As a busy professional, you don’t have time to waste on boring, unfruitful networking events. You want to make every connection and every conversation as beneficial as possible so that opportunities to network yield great results. Here are five ways to step up your networking game.
How you measure the success of a networking event depends on what you hope to achieve. Do you want to connect with a particular group or have meaningful conversations with a specific number of people? Are you in the market for job leads or new clients? Having a goal keeps you focused and helps you avoid spending too much time on conversations unrelated to your desired outcome.
Authenticity gets tossed around as a buzzword, but it’s vitally important in business and networking. Don’t go to an event as a mascot for your company or some larger-than-life representation of your personal brand. Just be the way you really are as a person and a professional. You should stay positive and focused, keeping the conversation on the topic at hand, but don’t be afraid to talk about your personal life or share interesting stories when it’s relevant.

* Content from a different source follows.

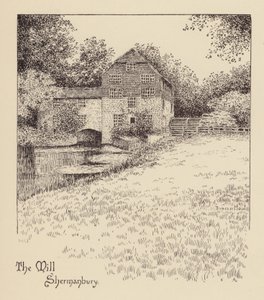Sussex: The Mill, Shermanbury (litografia) autorstwa Duncan Moul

Restricting your conversations only to people in your niche or those you suspect would make good clients can actually be more of a waste of time than allowing connections to happen organically. You can never predict where a beneficial friendship may start or who may be a great source for referrals. Allow yourself to branch out and talk to people in a diverse range of companies and positions. Listen carefully during your discussions to discover how you can make connections and offer mutual help or support.
Showing genuine interest in other people can reveal lucrative opportunities. Head to every networking event with a mental list of questions to help you get the most out of every conversation. Find out about other people’s jobs, personal interests and goals, and see where your own priorities align. When you take time to actually pay attention, it lays the foundation for worthwhile long-term partnerships.

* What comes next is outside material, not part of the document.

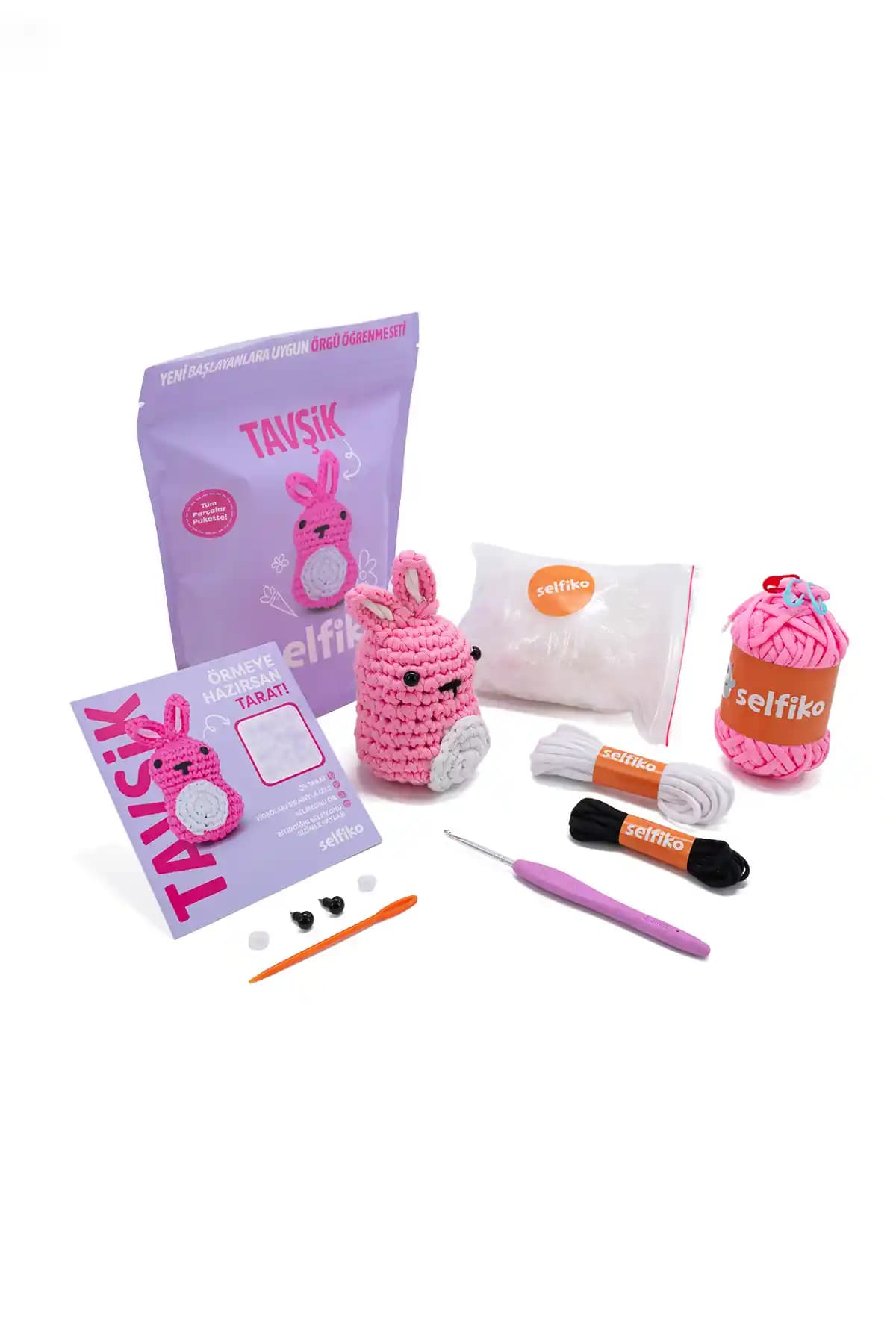 Selfiko Örgü Öğrenme Kiti: Yeni Başlayanlar İçin Renkli ve Sürdürülebilir El İşi Seti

Connection implies ongoing conversation, which starts with a timely follow-up. Get in touch with the people you meet within a week of the networking event to remind them of your conversation, what you do and how you may be able to help each other. Sending emails, following social media accounts and making phone calls are all beneficial. You might even want to send a letter to the most promising prospects or meet them in person to continue the discussion you began at the event.
Putting these tips into practice means you can come away from your next networking opportunity with better results than you’ve had in the past. When you know how to manage time and maximize conversations, you can stop dreading “boring” networking events and start making real, beneficial contacts.